-- Records for this task follows --

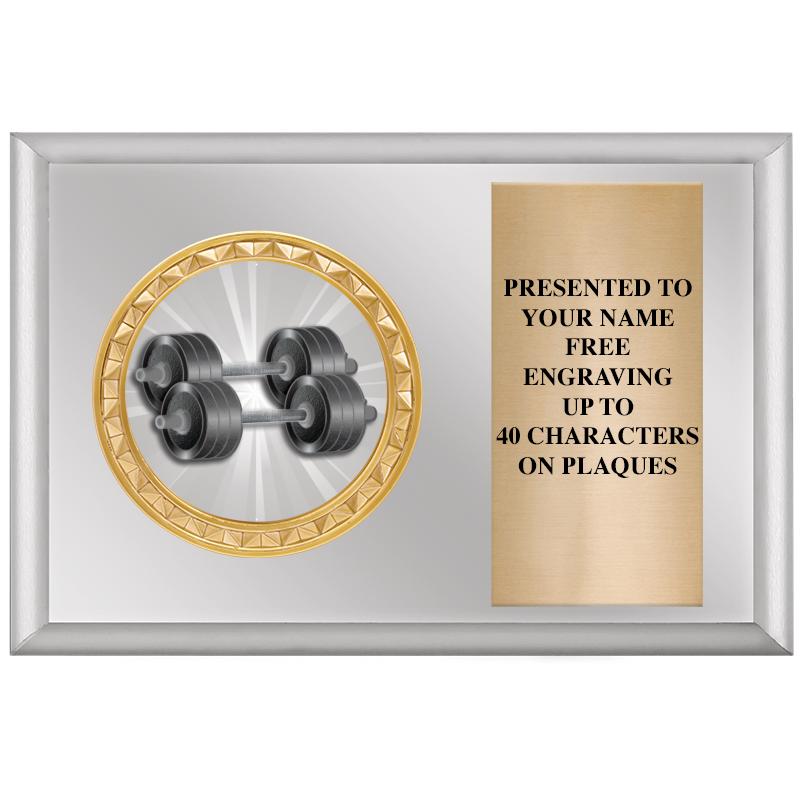 6" X 4" SILVER INSERT PLQ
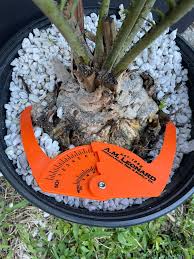 Image result for Encephalartos munchii
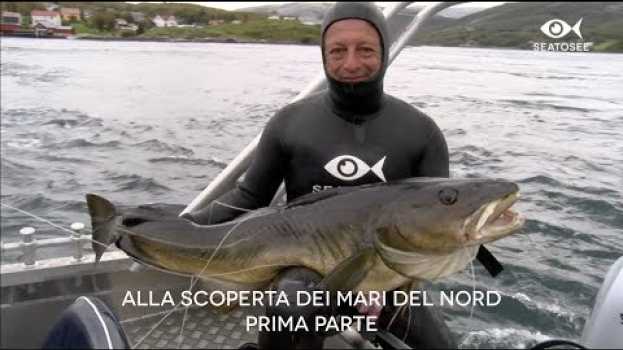 Video Spearfishing around the World: Alla Scoperta dei Mari del Nord - prima parte en español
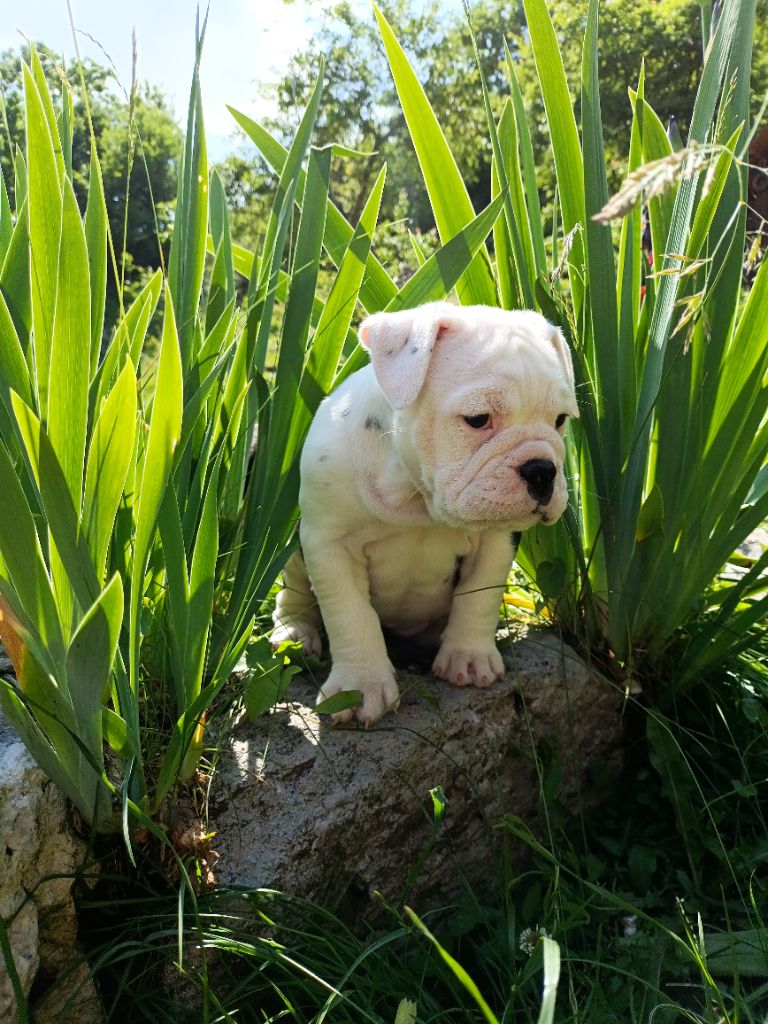 La Casa Des Chula - Chiots disponibles - Bulldog continental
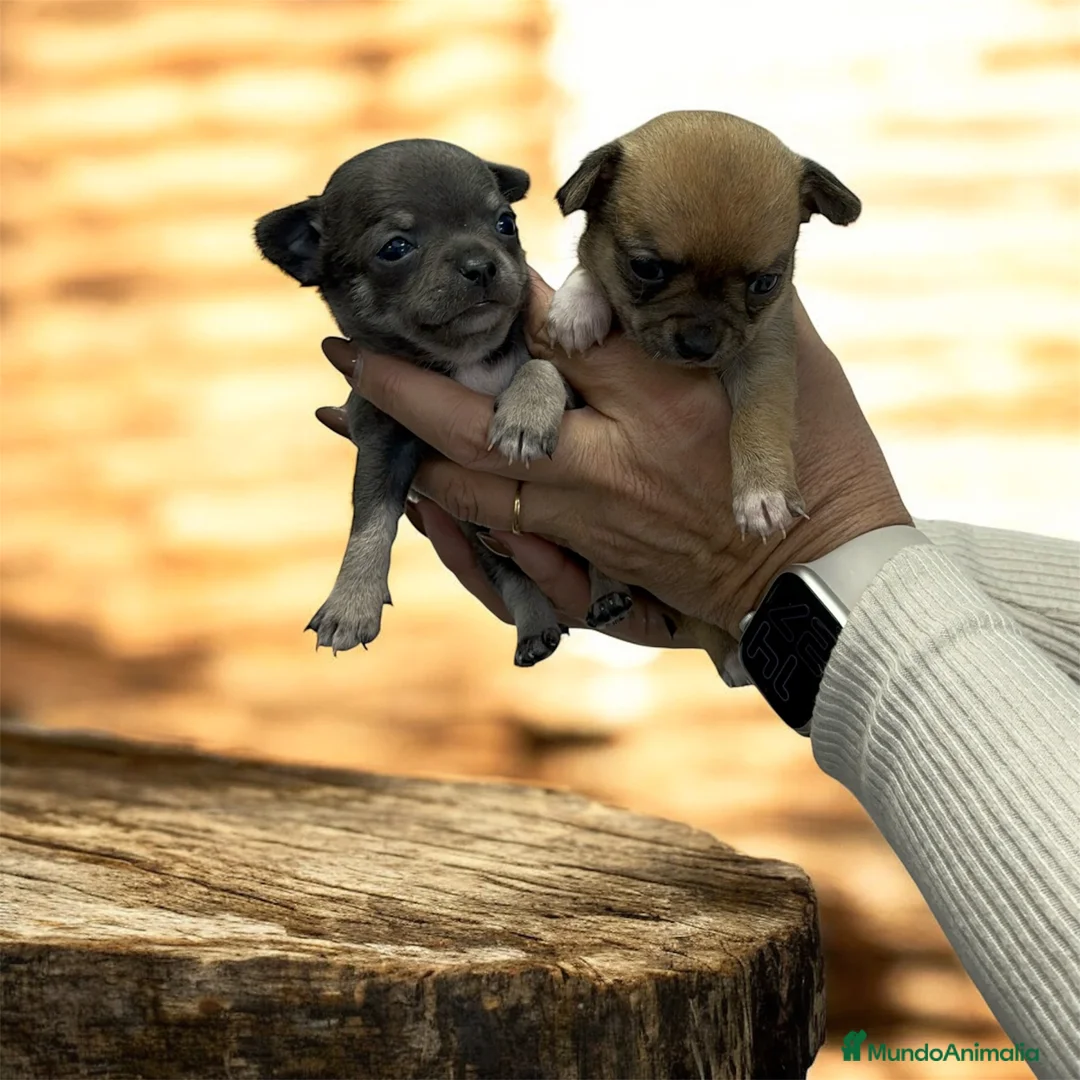 Chihuahua perros en venta: Chihuahua súper miniatura - Anuncio 1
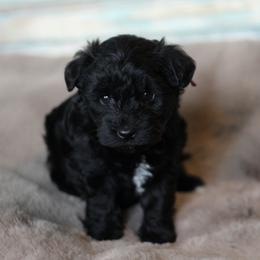 Purple collar - Miniature Schnauzer puppy in Arkansas from Central AR Schnoodles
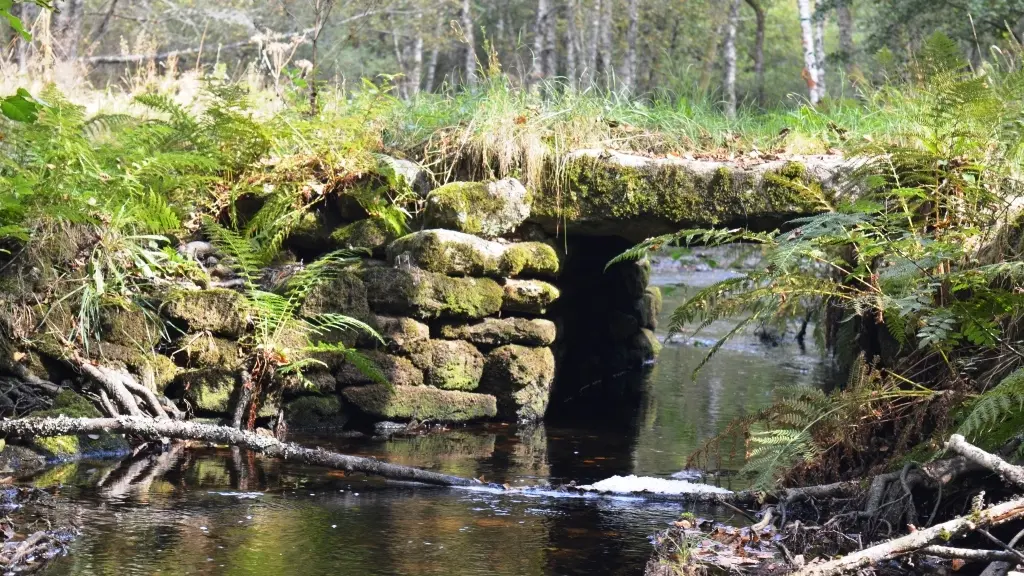 pont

-- Records for this task concluded --

Task requirements |
Could you copy each line above exactly as written, minus any pictures?

Exercise solution |
 6" X 4" SILVER INSERT PLQ
 Image result for Encephalartos munchii
 Video Spearfishing around the World: Alla Scoperta dei Mari del Nord - prima parte en español
 La Casa Des Chula - Chiots disponibles - Bulldog continental
 Chihuahua perros en venta: Chihuahua súper miniatura - Anuncio 1
 Purple collar - Miniature Schnauzer puppy in Arkansas from Central AR Schnoodles
 pont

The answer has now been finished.